The Bible does not approve of homosexuality to clear that up for anyone who does not know, but does it present a truly moral obligation against it? I assume the obligation comes from the fact that same-sex relationships at the time didn't allow for children in a society where having a legacy to leave behind was pretty important.
The fight in the U.S. now is Christians want homosexuals to know they don't approve of their lifestyle by denying them a piece of paper and some tax benefits.  The truth is it doesn't change the way people will live, it only makes them feel like lesser people in the eyes of others. Sometimes people perceive others to think of them as less when it's not true, but in this case, it is exactly that which is happening.
I don't want my children to view others as less because of personal choices which have no effect on their lives.
Should anyone who's favorite color is green be ostracized? Perhaps if you're favorite flavor is strawberry you should be extradited immediately.

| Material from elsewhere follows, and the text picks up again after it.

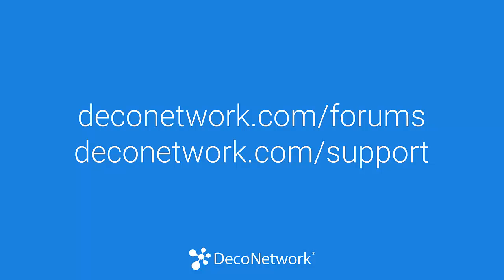For more information or assistance, head through to our community forums at DecoNetwork.com slash forums, or support at DecoNetwork.com slash support.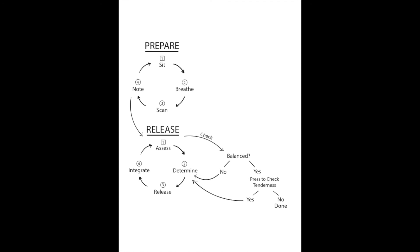If there is still tenderness, you go back to the determine phase and then back through release, integrate, and check again.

Even more gravely, a farmer who uses crop rotation, anyone who wears clothes of more than one fabric, if you cut the sides of your hair, if you like your steak any way except well done, and if you don't stand in the presence of old people, you are in danger of the fires of hell. That's not all either. If you don't like immigration,  hell. Homeschooling mom with male children, hell. Seriously, this goes on and on and on, and Christians chalk up these rules to cultural relevance.
These personal preferences have no effect on another person's happiness unless they take they choices as an affront to themselves personally and who's fault is that? I have to admit, I don't like making other people feel bad and I do feel guilt over it at times, but its my problem for feeling guilty when I shouldn't.
Homosexuals aren't gay because you do or don't want them to be, its a part of who they are. Is it fair for anyone to force them to be disallowed their own responsibility for who they are?
The Bible does not allow for this view of morality.
I want my children to be leaders in a society that looks at humanity for the dignity and liberty it could have and moves toward more freedoms through responsibility.
My children are entitled to my love. It is my responsibility to give it to them and through that simple idea, I hope I can give them everything they need to succeed morally in life on their own terms.
But what if they believe in religion despite everything I know and pass on to them?
My children are their own people. Even though they are small now and I can make nearly every decision for them, it wont always be that way.
I can absolutely accept they may believe in religion down the road. I believed it once and had faith. I know that faith is a very small leap when you have truth, or at the very least good ideals, mixed with unverifiable statements, or even lies. Most importantly I would still love them, but I would also hope they didn't lose their sense of humanity, empathy and responsibility.